Pandas Techniques for Data Manipulation in Python apply function:
Pandas.apply allow users to pass a function to every cell in the dataframe. Ander conditions of the function it works to dataframe it increase the simplicity and readability of code.
DataFrame.apply(func, axis=0, raw=False, result_type=None, args=(), **kwargs) fun: function you want to apply to rows or columns
axis(0 or index,1 or column) axis:0 or 'index': apply function to each column. axis:1 or 'column': apply function to each row.
row:(False is Default,Determines if row or column is passed as a Series or ndarray object) if row = False :passes each row or column as a Series to the function. else: the passed function will receive ndarray objects instead
args :tuple Positional arguments to pass to func in addition to the array/series.
**kwargs:additional keyword arguments to pass as keywords arguments to func.
import pandas as pd
import numpy as np
df3 = pd.DataFrame([[2,3,4,5]] * 3, columns=['A', 'B','C','D'])
df3
df4 = df3.apply(np.sqrt)
#sum each column alone so you will get 4 values
df3.apply(np.sum,axis = 0)
A 6
B 9
C 12
D 15
dtype: int64
#sum all row so you will get 3 rows
df3.apply(np.sum,axis = 1)
0 14
1 14
2 14
dtype: int64
df = pd.read_csv('traffic.csv')
df.head()
dfi.export(df.head(),'df.png')
def use_apply(i):
j = "NotFound"
if i == 'M':
j ="Male"
elif i == "F":
j = "Female"
return j
result = df['driver_gender'].apply(use_apply)
result
0 Male
1 Male
2 Male
3 Male
4 Female
...
91736 Female
91737 Female
91738 Male
91739 Female
91740 Male
Name: driver_gender, Length: 91741, dtype: object
As we see above we change every cell in column driver_gender as function said
pandas.DataFrame.agg
This Function help you to do some operations at the same time so reduce your code.

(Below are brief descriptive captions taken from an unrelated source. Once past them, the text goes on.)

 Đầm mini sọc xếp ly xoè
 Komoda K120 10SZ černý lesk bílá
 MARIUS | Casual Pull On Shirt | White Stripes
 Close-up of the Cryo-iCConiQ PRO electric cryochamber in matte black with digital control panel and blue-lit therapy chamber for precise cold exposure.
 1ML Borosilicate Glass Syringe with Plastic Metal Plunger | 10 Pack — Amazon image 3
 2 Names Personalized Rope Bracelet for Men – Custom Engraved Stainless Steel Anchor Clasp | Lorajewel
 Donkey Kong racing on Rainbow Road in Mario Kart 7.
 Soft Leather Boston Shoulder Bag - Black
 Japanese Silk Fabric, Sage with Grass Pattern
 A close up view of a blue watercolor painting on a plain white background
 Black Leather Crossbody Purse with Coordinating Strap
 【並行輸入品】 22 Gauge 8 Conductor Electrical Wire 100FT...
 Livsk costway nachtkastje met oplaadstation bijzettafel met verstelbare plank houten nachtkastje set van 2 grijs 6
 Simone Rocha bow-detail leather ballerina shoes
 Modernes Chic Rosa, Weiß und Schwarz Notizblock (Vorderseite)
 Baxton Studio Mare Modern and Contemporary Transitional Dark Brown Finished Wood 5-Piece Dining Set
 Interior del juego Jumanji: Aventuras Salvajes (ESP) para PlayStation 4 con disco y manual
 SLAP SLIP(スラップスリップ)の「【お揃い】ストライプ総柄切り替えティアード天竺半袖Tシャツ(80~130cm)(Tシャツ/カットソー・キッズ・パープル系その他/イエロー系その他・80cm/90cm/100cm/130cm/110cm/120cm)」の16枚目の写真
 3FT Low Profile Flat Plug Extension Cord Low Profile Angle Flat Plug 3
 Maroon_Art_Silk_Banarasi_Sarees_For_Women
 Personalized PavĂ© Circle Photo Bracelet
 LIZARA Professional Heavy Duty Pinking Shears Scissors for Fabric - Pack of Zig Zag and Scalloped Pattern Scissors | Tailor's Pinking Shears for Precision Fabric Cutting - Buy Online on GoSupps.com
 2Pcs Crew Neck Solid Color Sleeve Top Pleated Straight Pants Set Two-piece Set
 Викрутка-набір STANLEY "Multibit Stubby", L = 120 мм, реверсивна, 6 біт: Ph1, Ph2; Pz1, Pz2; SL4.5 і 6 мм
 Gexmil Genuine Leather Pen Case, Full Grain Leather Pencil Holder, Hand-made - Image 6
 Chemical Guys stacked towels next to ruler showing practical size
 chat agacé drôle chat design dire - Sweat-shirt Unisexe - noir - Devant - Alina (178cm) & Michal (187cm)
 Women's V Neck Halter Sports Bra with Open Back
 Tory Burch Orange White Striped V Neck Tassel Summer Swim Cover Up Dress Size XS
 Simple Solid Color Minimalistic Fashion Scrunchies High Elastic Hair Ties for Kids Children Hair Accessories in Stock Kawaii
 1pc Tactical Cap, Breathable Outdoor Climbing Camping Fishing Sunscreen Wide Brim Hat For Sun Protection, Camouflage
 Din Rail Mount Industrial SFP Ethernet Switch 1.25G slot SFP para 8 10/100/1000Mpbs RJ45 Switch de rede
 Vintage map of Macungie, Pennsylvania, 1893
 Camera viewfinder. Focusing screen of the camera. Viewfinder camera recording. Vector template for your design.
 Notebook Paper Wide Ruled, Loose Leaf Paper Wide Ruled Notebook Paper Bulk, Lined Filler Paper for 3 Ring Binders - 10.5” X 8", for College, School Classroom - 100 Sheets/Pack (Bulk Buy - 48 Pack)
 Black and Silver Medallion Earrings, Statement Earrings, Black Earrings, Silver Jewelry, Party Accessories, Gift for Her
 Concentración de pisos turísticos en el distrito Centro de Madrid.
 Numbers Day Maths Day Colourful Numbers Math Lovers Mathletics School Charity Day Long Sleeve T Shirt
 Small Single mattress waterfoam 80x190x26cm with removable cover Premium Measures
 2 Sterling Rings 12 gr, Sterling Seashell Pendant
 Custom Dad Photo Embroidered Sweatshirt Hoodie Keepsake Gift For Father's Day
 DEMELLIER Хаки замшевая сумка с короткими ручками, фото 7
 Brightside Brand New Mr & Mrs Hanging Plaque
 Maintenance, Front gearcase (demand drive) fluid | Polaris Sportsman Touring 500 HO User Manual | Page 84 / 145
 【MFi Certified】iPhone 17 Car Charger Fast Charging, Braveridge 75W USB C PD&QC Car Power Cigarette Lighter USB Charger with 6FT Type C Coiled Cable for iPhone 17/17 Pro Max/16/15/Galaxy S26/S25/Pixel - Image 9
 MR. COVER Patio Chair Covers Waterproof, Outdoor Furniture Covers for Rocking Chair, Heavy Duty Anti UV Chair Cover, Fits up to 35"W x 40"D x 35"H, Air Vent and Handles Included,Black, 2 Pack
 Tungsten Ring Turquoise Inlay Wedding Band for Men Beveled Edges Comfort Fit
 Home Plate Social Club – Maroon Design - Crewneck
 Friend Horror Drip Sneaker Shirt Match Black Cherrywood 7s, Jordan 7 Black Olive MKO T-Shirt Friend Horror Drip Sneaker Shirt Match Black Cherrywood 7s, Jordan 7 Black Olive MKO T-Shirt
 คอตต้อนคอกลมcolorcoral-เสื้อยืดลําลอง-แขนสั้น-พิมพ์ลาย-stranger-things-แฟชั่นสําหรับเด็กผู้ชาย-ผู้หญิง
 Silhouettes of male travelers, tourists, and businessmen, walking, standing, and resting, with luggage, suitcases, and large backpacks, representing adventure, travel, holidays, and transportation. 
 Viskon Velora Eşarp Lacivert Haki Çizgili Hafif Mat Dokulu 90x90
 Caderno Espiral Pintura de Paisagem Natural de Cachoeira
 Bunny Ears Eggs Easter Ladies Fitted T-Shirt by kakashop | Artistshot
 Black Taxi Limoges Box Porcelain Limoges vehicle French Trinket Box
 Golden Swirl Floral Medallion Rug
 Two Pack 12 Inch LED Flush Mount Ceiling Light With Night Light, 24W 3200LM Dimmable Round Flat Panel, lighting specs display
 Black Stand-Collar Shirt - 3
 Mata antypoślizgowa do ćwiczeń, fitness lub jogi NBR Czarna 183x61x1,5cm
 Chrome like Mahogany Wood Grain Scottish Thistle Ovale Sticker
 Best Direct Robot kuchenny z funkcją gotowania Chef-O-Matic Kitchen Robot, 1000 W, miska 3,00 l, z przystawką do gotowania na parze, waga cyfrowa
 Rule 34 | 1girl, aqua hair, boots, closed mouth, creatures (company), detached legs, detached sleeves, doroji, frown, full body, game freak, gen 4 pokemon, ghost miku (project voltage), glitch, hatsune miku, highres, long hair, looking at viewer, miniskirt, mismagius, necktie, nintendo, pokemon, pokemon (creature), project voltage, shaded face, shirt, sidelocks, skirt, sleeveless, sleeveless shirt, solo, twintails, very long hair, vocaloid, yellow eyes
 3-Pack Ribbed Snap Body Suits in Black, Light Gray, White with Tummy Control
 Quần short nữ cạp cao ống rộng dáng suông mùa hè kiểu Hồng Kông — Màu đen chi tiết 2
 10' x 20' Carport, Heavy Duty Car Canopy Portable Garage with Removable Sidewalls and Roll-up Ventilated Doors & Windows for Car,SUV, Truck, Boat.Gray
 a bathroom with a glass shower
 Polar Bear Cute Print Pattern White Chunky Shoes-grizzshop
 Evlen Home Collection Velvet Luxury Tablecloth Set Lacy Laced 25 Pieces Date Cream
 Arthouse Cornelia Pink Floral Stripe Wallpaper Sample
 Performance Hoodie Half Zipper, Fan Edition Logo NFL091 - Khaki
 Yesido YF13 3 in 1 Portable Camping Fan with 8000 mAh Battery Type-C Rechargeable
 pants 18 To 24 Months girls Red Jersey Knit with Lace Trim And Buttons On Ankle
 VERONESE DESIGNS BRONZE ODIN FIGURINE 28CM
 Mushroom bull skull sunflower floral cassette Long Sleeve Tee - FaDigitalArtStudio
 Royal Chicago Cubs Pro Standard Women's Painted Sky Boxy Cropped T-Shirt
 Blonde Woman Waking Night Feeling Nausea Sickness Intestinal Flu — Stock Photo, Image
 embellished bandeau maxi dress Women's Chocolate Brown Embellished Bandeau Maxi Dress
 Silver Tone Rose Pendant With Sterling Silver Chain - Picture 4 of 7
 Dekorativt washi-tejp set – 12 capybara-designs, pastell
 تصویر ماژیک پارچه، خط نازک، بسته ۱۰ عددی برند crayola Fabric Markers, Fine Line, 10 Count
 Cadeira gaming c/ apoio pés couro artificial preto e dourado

DataFrame.agg(func=None, axis=0, *args, **kwargs)
func : accept functions to perform them this function accept list of funtions
axis: The default is (0)to perform along columns
axis :1 to perform along rows
*args: to add some parameters
**kwargs:Keyword arguments to pass to func to name identify parameters
df3 = pd.DataFrame([[1, 2, 3],
[4, 5, 6],
[7, 8, 9],
[np.nan, np.nan, np.nan],
[3,4,5],
[8,9,6]],
columns=['A', 'B', 'C'])
df3.agg(['max','sum'])
df3.agg(sum)
A 23.0
B 28.0
C 29.0
dtype: float64
df3.agg(min)
A 1.0
B 2.0
C 3.0
dtype: float64
Merge Dataframe
If You have tow Data sets and you want to Work at them at the same time to get results from them all you should use merge.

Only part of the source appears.